Jason Mai/Daily Journal San Mateo County Park Ranger Mario Nastari, right, helps Student Conservation Association volunteer Vanessa Romero build a gate around the Jepson Laurel

Jason Mai/Daily Journal SCA volunteer Liam O'Hara, left, steadies a piece of wood for volunteer Marcus Avelar to saw.


Those who visited San Mateo County parks this summer may have noticed some upgrades to the trails or new fences.

That work may have been completed by local teens. Student Conservation Association, a nationwide conservation workforce of college and high school volunteers who work to protect and restore America’s parks, will soon wrap up a five-week program to upgrade local parks. For the teens, it provides an opportunity to gain work experience, a $1,000 stipend and exposure to environmental issues like restoration needs and green jobs.

Among those working this summer is 18-year-old Vanessa Romero. In her second year with the program, Romero has helped with trail maintenance, drainage dips and making safety changes to local parks.

"I think it’s a job that teens can get something out of. This program allows for you to interact with people. It’s a hands-on experience and you’re doing something for the community,” she said.

This year, 16 Peninsula teens, ages 16 to 19, are part of the two crews in San Mateo County. It takes Bay Area SCA Coordinator Carri Katonah a couple months to put together the five crews throughout the Bay Area for the summer program. Most of her connections are made through presentations at schools or counselors. Students must fill out an application then Katonah interviews each viable candidate.

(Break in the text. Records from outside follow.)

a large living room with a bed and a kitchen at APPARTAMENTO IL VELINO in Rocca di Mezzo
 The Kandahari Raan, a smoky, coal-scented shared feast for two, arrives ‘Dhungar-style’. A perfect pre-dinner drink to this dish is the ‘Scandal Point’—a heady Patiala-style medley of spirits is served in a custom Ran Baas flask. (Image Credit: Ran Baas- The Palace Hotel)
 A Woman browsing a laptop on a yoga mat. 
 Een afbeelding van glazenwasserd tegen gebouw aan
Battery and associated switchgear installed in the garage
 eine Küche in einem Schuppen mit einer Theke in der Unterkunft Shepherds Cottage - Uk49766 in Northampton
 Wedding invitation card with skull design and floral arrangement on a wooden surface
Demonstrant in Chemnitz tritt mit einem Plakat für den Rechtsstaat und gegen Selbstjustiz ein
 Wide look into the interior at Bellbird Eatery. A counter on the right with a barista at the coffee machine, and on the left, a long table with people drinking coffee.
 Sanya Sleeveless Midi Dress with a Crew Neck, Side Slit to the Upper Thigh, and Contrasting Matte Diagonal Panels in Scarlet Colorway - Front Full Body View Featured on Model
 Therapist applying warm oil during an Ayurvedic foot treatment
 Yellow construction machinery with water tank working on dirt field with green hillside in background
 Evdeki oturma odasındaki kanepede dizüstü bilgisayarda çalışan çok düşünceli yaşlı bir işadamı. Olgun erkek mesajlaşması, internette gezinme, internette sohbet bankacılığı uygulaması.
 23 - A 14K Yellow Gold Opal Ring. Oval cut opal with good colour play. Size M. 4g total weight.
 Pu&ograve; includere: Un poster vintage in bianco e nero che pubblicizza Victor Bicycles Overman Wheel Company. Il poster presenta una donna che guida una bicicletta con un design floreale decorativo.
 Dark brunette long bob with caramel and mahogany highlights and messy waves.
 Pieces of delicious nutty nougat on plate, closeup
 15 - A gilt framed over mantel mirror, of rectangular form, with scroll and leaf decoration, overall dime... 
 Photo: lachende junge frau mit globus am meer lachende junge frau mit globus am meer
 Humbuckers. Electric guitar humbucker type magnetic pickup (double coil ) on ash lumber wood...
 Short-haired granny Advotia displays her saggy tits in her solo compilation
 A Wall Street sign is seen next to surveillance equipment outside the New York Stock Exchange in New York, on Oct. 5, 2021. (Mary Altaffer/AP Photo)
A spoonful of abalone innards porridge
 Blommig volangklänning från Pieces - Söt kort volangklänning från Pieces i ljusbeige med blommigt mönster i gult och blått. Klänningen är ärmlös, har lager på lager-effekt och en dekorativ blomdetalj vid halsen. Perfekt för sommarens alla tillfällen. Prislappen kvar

It’s a short interview, but she said it’s important practice for the teens, many of whom have never had an interview before.

Katonah actually started working with SCA as a crew leader then took on her current role about two years ago.

"As a crew leader, I was inspired with what it brings together. [SCA] gives youth the opportunity to be in the outdoors. We have many parks and yet not everyone has access to them,” she said adding teens also get job skills and learn about environmental issues.

After only five weeks, Katonah notices a change in the teens. Often they start out a bit shy, nervous about meeting new people and working with unfamiliar tools. By the end, they are taking initiative, she said.

Seventeen-year-old Nestor Martinez, from Redwood City, has worked a few construction jobs making him familiar with much of the work he’s been doing this summer. He was drawn to the opportunity to do something for the local environment.

"I’ve learned that humans are dirty,” said Martinez who added the experience has already changed some of his habits. For example, he now picks up trash he sees in the community. "It doesn’t seem like much, but that trash can add up.”

It’s not just the teens who are taking something from the program.

Farah Winer is working as a crew leader this summer. Winer, who lives in Loma Mar, works at an outdoor school and often takes advantage of the local trails.

"I’ll definitely never look at a trail the same way,” she said.

Winer’s working in a management role has taught her about the importance of patience. In terms of the environmental projects, she’s also learning more about the reasons behind work being done in parks. In particular, she has a greater understanding of the balance needed between conservation and managing the land. Trails are engineered, she explained, in hopes of keeping people off other areas.

Students work Monday through Thursday then take environmental field trips on Friday to learn about other local opportunities, said Katonah.

Over this summer, the program has helped construct more than 20 drainage dips and clear debris from two miles of trail at San Pedro Valley Park in Pacifica. Teens helped to remove and rebuild 100 feet of split rail fencing at Huddart County Park, held a beach cleanup at the Fitzgerald Marine Reserve and widened 100 feet of trail at Wunderlich County Park.

This fall, the hope is to expand locally by launching a year-round Green Jobs training program for East Palo Alto youth. The nonprofit will partner with high schools, land management agencies, youth and environmental nonprofits, green businesses and others with the goal of creating at least 385 positions for Bay Area youth.